The following is an archived copy of a message sent to a Discussion List run by the Campaign Against Sanctions on Iraq.

Views expressed in this archived message are those of the author, not of the Campaign Against Sanctions on Iraq.

[Main archive index/search] [List information] [Campaign Against Sanctions on Iraq Homepage]


[Date Prev][Date Next][Thread Prev][Thread Next][Date Index][Thread Index]

Re: Estimates: Iraqi Gulf War Casualties



This is a brief rebut to the lies in the figures from the article from the CGA.
How can an  piece like this go out as credible information without being
qualified? The source's are both servile to western interests. They publish
propaganda, not facts. To give you an idea of the callous mentallity of the US
military leaders let us look at the reply Gen. Colin Powel, Chairman of the Joint
Chief of Staff, gave when asked by a reporter to give an estimate of Iraqis
killed as a result of the ground and air offensive. Powel repilied "It's not
really a number I'm terribly interested in".

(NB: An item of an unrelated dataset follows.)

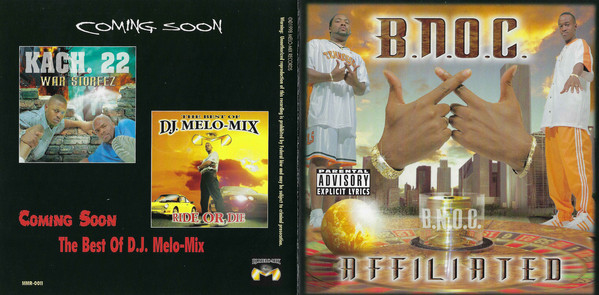 Affiliated by B.N.O.C. (CD 1998 Melo Mix Records) in Nashville | Rap - The  Good Ol'Dayz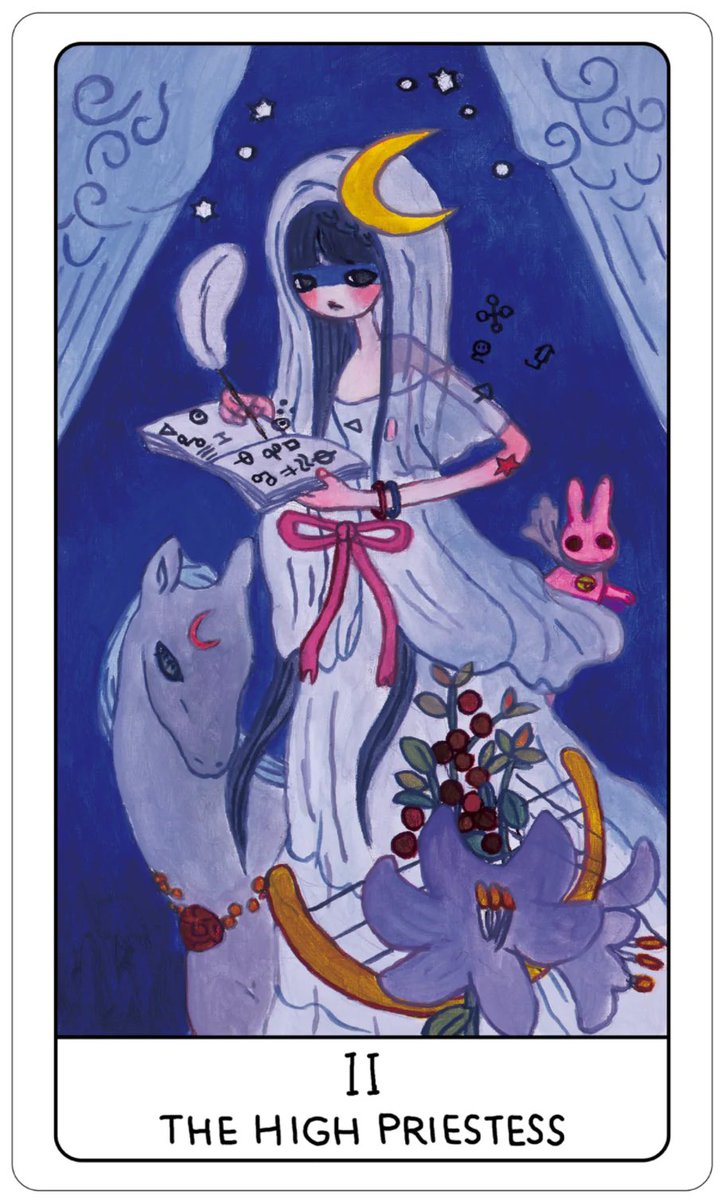 moonbisous's tweet photo. tarot cards by aya takano ˚✩ ⋆｡˚✩ https://t.co/0HZLW4Wkua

It is a disgusting insult to the Iraqi people to try and reduce the suffering and
loss they suffered during the war. Heidenrichs "estimate of civilian deaths as
less than 100" is so far off the mark it beggars belief. Even not counting the
100,000s of thousands who have died as a direct result of the destruction of
civilian infrastructure, the figure is most certainly in the tens of thousands.
Perhaps 1000 Iraqis were killed in one incident alone when US B-52s bombed the
Amiriyeh civilian bomb shelter incinerating the occupants. In another example, on
the road from Kuwait city to Basra a twenty mile long convoy of passenger
vehicles carrying fleeing civilians and Iraqi troops with no heavy artillery,
many with no weapons, some with rifles, was cut off at head and tail by the US
military and the entire length of the convoy was carpet bombed. In this single
incident (perhaps the biggest single slaughter of the war) many thousands were
killed, perhaps as many as 8,000.

I am at a loss to see how this data can be put out as anything but an example of
the lies put out by the media to support its masters. These are the kinds of lies
we are trying to refute, why are you putting this out, unqualified, on this
discussion list. We all know the media is a powerful influence. I am aware that
certain other sites and discussion lists (with a humanist or socialist
perspective) are often perpretrated by people who at first appear to support the
cause but then begin to introduce lies into the discussion in order to confuse or
mislead. I would suggest that the CGA is quite possibly just another one of many
propaganda machines for the US, and anyone who represents them the same. Why for
instance have they failed to include Iraqi figures, or figures from independant
sources. Defence magazines and US 'experts' are very dubious sources.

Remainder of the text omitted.